[RFC] deprecate 1d X in check_array [was reshape sensibly] #4511

amueller · 2015-04-03T21:48:49Z

reshape in check_array for ndim==1 using reshape(-1, 1), not reshape(1, -1).
See #4509 #4466. [edit] Not sure this is the right idea any more[/edit].

On master, all "transform", "decision_function" and "predict_proba" take X of shape (n_features,)
without issue. Investigating whether I brought this upon us with check_array.

Sadness so far:

Naive Bayes, DictionaryLearning, GradientBoosting, SGDClassifier, LSHForest, BallTree, KDTree, RBM and some feature_selection worked the other way around (assuming shape (1, n_features)).
Trees & forests asserted they don't work on 1d (only slightly saddens me to remove this test).

…e(1, -1).

agramfort · 2015-04-05T18:53:00Z

you have my +1 on this. We "just" need to fix all the estimators that complain...

amueller · 2015-04-05T19:07:33Z

I'm on it ;)

amueller · 2015-04-05T21:01:53Z

Most of the remaining fun seems to be estimators that just in general don't handle 1d data.... great!

amueller · 2015-04-05T22:35:19Z

This will probably break a lot of code, seeing how it broke so many tests.
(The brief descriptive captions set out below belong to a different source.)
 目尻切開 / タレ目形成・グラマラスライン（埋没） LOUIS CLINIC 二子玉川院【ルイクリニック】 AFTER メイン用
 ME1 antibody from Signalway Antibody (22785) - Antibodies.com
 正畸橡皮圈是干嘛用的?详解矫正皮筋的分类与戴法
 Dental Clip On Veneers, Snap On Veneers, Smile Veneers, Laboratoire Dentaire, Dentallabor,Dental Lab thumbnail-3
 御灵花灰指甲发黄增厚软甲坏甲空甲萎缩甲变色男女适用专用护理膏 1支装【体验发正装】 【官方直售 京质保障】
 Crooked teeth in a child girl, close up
I see the following possible choices:

Go through a deprecation cycle for those estimators that expected it "the other way around" and then switch it do be consistent (n_samples, 1)
Go through a deprecation cycle for accepting 1d and in the future just die
just break people's code that relied on it being (1, n_features) in any of the estimators I mentioned above (and the once I didn't notice).
means a lot of additional input validation and testing code. In particular, we need to make sure that we really didn't change previous behavior.
to me means an inconvenient interface, with a similar amount of testing code.
means breaking peoples code.

landscape-bot · 2015-04-06T13:27:46Z

Repository health decreased by 0.01% when pulling ecf628c on amueller:single_feature_X into 6560a8e on scikit-learn:master.
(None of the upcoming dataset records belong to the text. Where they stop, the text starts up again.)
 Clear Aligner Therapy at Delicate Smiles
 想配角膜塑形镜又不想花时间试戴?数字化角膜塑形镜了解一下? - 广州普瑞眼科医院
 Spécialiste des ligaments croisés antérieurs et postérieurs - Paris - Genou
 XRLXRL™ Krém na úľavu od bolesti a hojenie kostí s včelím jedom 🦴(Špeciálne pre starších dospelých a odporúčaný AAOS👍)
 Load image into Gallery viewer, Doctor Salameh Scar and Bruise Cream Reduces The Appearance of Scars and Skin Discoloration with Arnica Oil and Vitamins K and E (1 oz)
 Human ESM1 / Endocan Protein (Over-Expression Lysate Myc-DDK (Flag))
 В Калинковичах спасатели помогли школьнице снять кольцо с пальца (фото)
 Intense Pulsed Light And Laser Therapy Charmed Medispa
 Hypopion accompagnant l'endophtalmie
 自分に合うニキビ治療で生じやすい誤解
1 new problem was found (including 0 errors and 0 code smells).
No problems were fixed.

amueller · 2015-04-09T17:31:48Z

Feedback from @GaelVaroquaux @ogrisel @jnothman would be very welcome. I'll probably go ahead and "fix" this anyhow, but the deprecations probably need somewhat different work.

ogrisel · 2015-04-09T18:08:50Z

+1 on making check_array(data, ensure_2d=True) treat the case of ndim==1 as a n_samples dimension, that is reshape to (-1, 1).

amueller · 2015-04-09T18:12:15Z

@ogrisel and deprecate the current behavior? on master, all predict, decision_function and transform do it the other way around.

amueller · 2015-04-09T18:13:17Z

FYI, in 0.15, most estimators "worked" but some broke on these methods when given (n_features,). With such helpful errors as "einstein sum subscripts string contains too many subscripts for operand 0".

ogrisel · 2015-04-09T18:19:05Z

@ogrisel and deprecate the current behavior? on master, all predict, decision_function and transform do it the other way around.

Indeed I had not realized. I am not so sure anymore.

amueller · 2015-04-09T18:40:21Z

Checking the current fit function in master.
It looks like all but the following three assume (n_features,)
DictionaryLearning, MinMaxScaler, StandardScaler, which assume (n_samples, )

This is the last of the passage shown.